Estoy dentro de un pabellón de baloncesto. Cerca de allí, un día yo, Mat Fernández, estreché mi mano con la del gran Drazen Petrovic (pasé una semana sin lavármela). ¿Qué hago aquí? Trabajo, pero el paso de los minutos ha convertido el negocio en ocio. Todo ha terminado ya. La niña que tiene la pelota se llama Alba. Y juega para el C.B. Santa Cruz. El balón pasa de sus manos a las de Silvia y así sucesivamente a Maite, Julia, Naylí, Palma. Nayara y Yesenia? Esa bola esférica bien podría ser la misma que yo botaba, una y otra vez sobre la acera, la primavera del 92. Mi mente gira y gira (como el bombo de la Lotería de Navidad que expulsará el número de la suerte de políticos y empresarios). Las vueltas se eternizan, como hacen las tardes con el ocaso del sol en Santa Cruz. Había dejado de jugar al baloncesto en el 88. Mi entrenador solía adoctrinarme con charlas motivadoras: Matías, no haces más que sobar (o magrear, añadía yo mentalmente) la pelota. No se equivocaba. Ese era el fin al que mis hormonitas con patas me llevaban: magrear. Aquel elemento, sin valencia ni tabla periódica en su cabeza, era la prueba irrebatible de que el talento está bajo sospecha (y si no, repasa la lista de altos cargos de cualquier Administración Pública): Matías, te convertiré en el mejor base canario desde Carmelo Cabrera. Yo estaba convencido de que lo sería, pero desde el banquillo, ni yo lo conseguiría, ni nadie lo vería. Su justificación: no quiero un globetrotter en mi equipo, quiero un tipo duro, porque aquí no se juega ni con cabeza, ni con corazón. ¡En mi equipo se juega con cojones! ¿Era eso lo que se suponía que iba a traerme la alegría de jugar?

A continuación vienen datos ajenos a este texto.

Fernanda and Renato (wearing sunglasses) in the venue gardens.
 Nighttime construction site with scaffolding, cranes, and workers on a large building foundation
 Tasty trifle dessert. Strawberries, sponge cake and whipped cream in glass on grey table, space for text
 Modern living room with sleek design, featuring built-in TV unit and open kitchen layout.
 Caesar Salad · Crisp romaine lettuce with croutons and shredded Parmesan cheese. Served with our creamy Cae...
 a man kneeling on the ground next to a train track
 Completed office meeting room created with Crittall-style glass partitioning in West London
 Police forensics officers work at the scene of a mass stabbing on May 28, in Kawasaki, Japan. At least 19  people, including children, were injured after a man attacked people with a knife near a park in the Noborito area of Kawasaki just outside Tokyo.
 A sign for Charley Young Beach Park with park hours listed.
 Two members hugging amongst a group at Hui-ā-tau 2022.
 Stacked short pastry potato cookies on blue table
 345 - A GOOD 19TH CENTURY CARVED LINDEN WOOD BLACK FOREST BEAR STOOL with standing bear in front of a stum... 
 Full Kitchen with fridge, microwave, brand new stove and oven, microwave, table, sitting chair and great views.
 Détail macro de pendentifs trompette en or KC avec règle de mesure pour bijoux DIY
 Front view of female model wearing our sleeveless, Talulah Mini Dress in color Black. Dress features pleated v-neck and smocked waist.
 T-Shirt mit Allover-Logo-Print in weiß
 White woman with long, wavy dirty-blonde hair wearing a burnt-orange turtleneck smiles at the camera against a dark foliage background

Las niñas que tienen la pelota esta primavera del 18, sí son felices. El balón sigue circulando hacia Iris, Aroa, Pilar, Elena, Lucía y Carlotta que, como cantaba Radio Futura, después de pintar corazones de tiza en la pared, se llamaba Carlotta (con dos tt) y botaba la pelota. A ellas (difícilmente) se les podría instar a jugar con cojones. Flashback hacia el origen: 1992. La pelota bota y bota sobre la acera mientras avanzo. Aquella tarde comencé el ascenso por el recorrido del barranco Tahodio, desde su desembocadura en la bahía de Santa Cruz, hasta el IES La Alegría (actualmente denominado Anaga). Ríete de los nuevos bautismos de las calles: ponemos el Silencio y el Perdón y quitamos la Alegría. Mi vida es un luchar contra corriente. La pelota naranja continúa botando. Y yo ascendiendo. Hacer el camino inverso sería más fácil. El descenso desde la hoya de las Palomas, sería más llevadero, pero nunca dije que a Mat le gustara lo fácil. En ese año 92, los líos del puzzle urbanístico de residencial Anaga no entraban dentro de mis preocupaciones. Tampoco perdía el tiempo con los popes de la noche y sus negocios. Lo que me interesaba eran los Carnavales de Manuel Hermoso con la Billo''s Caracas Boys o Celia Cruz, y las chicas de las discotecas Daida, el Chac, o el Tropo.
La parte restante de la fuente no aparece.